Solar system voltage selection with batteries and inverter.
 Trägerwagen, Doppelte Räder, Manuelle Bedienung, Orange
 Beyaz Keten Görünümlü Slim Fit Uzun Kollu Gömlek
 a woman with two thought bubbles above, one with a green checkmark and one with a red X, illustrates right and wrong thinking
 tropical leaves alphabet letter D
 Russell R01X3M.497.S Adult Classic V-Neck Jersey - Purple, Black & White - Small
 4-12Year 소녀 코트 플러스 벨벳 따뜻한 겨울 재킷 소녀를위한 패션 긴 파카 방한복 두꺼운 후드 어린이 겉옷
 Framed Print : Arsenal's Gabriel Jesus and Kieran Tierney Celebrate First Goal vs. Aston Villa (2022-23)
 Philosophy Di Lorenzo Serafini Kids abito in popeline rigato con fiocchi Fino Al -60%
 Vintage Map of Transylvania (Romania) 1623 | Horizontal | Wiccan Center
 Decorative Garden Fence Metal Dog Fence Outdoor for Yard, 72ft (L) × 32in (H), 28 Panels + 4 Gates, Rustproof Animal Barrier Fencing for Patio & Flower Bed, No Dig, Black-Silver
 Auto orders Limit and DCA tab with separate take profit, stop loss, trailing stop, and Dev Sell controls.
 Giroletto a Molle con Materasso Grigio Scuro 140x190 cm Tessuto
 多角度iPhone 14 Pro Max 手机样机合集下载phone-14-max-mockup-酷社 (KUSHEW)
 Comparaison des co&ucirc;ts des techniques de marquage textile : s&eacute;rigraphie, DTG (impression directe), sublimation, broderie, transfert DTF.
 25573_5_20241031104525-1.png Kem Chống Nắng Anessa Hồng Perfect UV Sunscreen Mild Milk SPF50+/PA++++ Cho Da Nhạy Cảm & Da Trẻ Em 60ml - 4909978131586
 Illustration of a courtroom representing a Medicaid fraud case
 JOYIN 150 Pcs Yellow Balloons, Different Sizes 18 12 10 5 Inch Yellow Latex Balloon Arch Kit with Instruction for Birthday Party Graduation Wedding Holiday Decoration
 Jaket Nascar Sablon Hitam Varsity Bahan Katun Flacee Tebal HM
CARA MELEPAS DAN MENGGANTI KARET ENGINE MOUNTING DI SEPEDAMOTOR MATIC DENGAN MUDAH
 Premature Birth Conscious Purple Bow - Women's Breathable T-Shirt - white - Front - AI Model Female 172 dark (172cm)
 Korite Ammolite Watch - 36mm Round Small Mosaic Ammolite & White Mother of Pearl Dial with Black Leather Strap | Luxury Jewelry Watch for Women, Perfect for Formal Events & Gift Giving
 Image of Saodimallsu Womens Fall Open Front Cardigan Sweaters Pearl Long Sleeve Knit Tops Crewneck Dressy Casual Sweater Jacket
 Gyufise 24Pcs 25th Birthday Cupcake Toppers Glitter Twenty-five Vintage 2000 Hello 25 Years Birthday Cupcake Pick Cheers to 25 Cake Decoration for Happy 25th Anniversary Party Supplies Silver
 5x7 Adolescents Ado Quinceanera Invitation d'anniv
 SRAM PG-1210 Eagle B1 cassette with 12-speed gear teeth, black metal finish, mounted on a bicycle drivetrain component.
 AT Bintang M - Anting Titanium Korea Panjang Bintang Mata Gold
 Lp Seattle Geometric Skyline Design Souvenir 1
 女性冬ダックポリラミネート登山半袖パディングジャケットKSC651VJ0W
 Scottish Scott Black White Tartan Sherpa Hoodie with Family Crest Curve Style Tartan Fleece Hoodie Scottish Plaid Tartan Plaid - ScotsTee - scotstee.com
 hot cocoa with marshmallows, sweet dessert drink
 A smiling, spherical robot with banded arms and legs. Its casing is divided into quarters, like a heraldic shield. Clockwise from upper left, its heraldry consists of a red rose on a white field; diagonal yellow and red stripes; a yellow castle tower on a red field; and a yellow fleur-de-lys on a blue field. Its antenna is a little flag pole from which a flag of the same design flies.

Task item: Could you write out the full data verbatim?

Expected output:
Solar system voltage selection with batteries and inverter.
 Trägerwagen, Doppelte Räder, Manuelle Bedienung, Orange
 Beyaz Keten Görünümlü Slim Fit Uzun Kollu Gömlek
 a woman with two thought bubbles above, one with a green checkmark and one with a red X, illustrates right and wrong thinking
 tropical leaves alphabet letter D
 Russell R01X3M.497.S Adult Classic V-Neck Jersey - Purple, Black & White - Small
 4-12Year 소녀 코트 플러스 벨벳 따뜻한 겨울 재킷 소녀를위한 패션 긴 파카 방한복 두꺼운 후드 어린이 겉옷
 Framed Print : Arsenal's Gabriel Jesus and Kieran Tierney Celebrate First Goal vs. Aston Villa (2022-23)
 Philosophy Di Lorenzo Serafini Kids abito in popeline rigato con fiocchi Fino Al -60%
 Vintage Map of Transylvania (Romania) 1623 | Horizontal | Wiccan Center
 Decorative Garden Fence Metal Dog Fence Outdoor for Yard, 72ft (L) × 32in (H), 28 Panels + 4 Gates, Rustproof Animal Barrier Fencing for Patio & Flower Bed, No Dig, Black-Silver
 Auto orders Limit and DCA tab with separate take profit, stop loss, trailing stop, and Dev Sell controls.
 Giroletto a Molle con Materasso Grigio Scuro 140x190 cm Tessuto
 多角度iPhone 14 Pro Max 手机样机合集下载phone-14-max-mockup-酷社 (KUSHEW)
 Comparaison des co&ucirc;ts des techniques de marquage textile : s&eacute;rigraphie, DTG (impression directe), sublimation, broderie, transfert DTF.
 25573_5_20241031104525-1.png Kem Chống Nắng Anessa Hồng Perfect UV Sunscreen Mild Milk SPF50+/PA++++ Cho Da Nhạy Cảm & Da Trẻ Em 60ml - 4909978131586
 Illustration of a courtroom representing a Medicaid fraud case
 JOYIN 150 Pcs Yellow Balloons, Different Sizes 18 12 10 5 Inch Yellow Latex Balloon Arch Kit with Instruction for Birthday Party Graduation Wedding Holiday Decoration
 Jaket Nascar Sablon Hitam Varsity Bahan Katun Flacee Tebal HM
CARA MELEPAS DAN MENGGANTI KARET ENGINE MOUNTING DI SEPEDAMOTOR MATIC DENGAN MUDAH
 Premature Birth Conscious Purple Bow - Women's Breathable T-Shirt - white - Front - AI Model Female 172 dark (172cm)
 Korite Ammolite Watch - 36mm Round Small Mosaic Ammolite & White Mother of Pearl Dial with Black Leather Strap | Luxury Jewelry Watch for Women, Perfect for Formal Events & Gift Giving
 Image of Saodimallsu Womens Fall Open Front Cardigan Sweaters Pearl Long Sleeve Knit Tops Crewneck Dressy Casual Sweater Jacket
 Gyufise 24Pcs 25th Birthday Cupcake Toppers Glitter Twenty-five Vintage 2000 Hello 25 Years Birthday Cupcake Pick Cheers to 25 Cake Decoration for Happy 25th Anniversary Party Supplies Silver
 5x7 Adolescents Ado Quinceanera Invitation d'anniv
 SRAM PG-1210 Eagle B1 cassette with 12-speed gear teeth, black metal finish, mounted on a bicycle drivetrain component.
 AT Bintang M - Anting Titanium Korea Panjang Bintang Mata Gold
 Lp Seattle Geometric Skyline Design Souvenir 1
 女性冬ダックポリラミネート登山半袖パディングジャケットKSC651VJ0W
 Scottish Scott Black White Tartan Sherpa Hoodie with Family Crest Curve Style Tartan Fleece Hoodie Scottish Plaid Tartan Plaid - ScotsTee - scotstee.com
 hot cocoa with marshmallows, sweet dessert drink
 A smiling, spherical robot with banded arms and legs. Its casing is divided into quarters, like a heraldic shield. Clockwise from upper left, its heraldry consists of a red rose on a white field; diagonal yellow and red stripes; a yellow castle tower on a red field; and a yellow fleur-de-lys on a blue field. Its antenna is a little flag pole from which a flag of the same design flies.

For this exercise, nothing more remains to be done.